First thing in the morning we filed our paperwork, packed our plane and headed to cross the border with a route down Howe Sound, over Vancouver International at 4,500' and into Bellingham.
We pushed the plane out of the customs box while we waited for the fuel truck and filed our flight plan.
Followed by a prompt departure to our goal of Ephrata by the most direct means over the mountains to ensure we would make pilot briefing on time. Frank and I requested flight following and were vectored around active glider traffic that would be flying around our aerobatic box for the week in Ephrata and where landed on time for the briefing.
The coaches ran through the procedures for joining the circuit, leaving the box, frequencies for traffic and discrete frequencies for the waivered airspace where we would be able to perform our aerobatic maneuvers for the critiquers and receive feedback.
Competition aerobatics is performed in a 1 km by 1 km box for spectators and judges on the ground who score individual maneuvers based on their appearance from the outside perspective. This makes the ground critiquer an invaluable learning opportunity.
The aerobatic box is defined between the two runways by the white markers on the ground indicating the corners and center of the box. Since this is in US airspace we are legally required to wear a parachute while performing aerobatics, and may only do so within the waivered airspace. All pilots sign the box waiver and are expected to be in the hold outside the box at 3,500' waiting to be called at our scheduled time with a 2 hour 30 min break in between flights. The schedule changes for no one.

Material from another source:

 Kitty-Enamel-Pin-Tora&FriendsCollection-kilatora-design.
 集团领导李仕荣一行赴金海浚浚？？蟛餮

Frank and I set up camp with a fellow competitor, Sean along side the runway. Sean and I created a "box" using sandals as box markers to walk through our aerobatic routines on the ground. This is referred to often as an "aresti dance" and helps us to visualize the flight (budget aerobatics), memorize the routine, and plan the location of each maneuver to stay within the box and best impress the judges. Essentially we hold our hands out like wings and do our best to imitate where they should be at a given point. It usually ends up looking ridiculous from an outside perspective. Like so:
After a good nights sleep in our tent we took turns using the shower in the hangar. Shockingly enough the shampoo I left behind last year was still at the airport. Convenient when you're packing light for the sake of fuel.
I spend as much time on the ground as possible doing my aresti dance between flights and making sure I am well hydrated and have eaten properly. Ephrata gets very warm and windy which makes taking care of yourself highly important as all these factors as well as sleep will affect G tolerance and performance.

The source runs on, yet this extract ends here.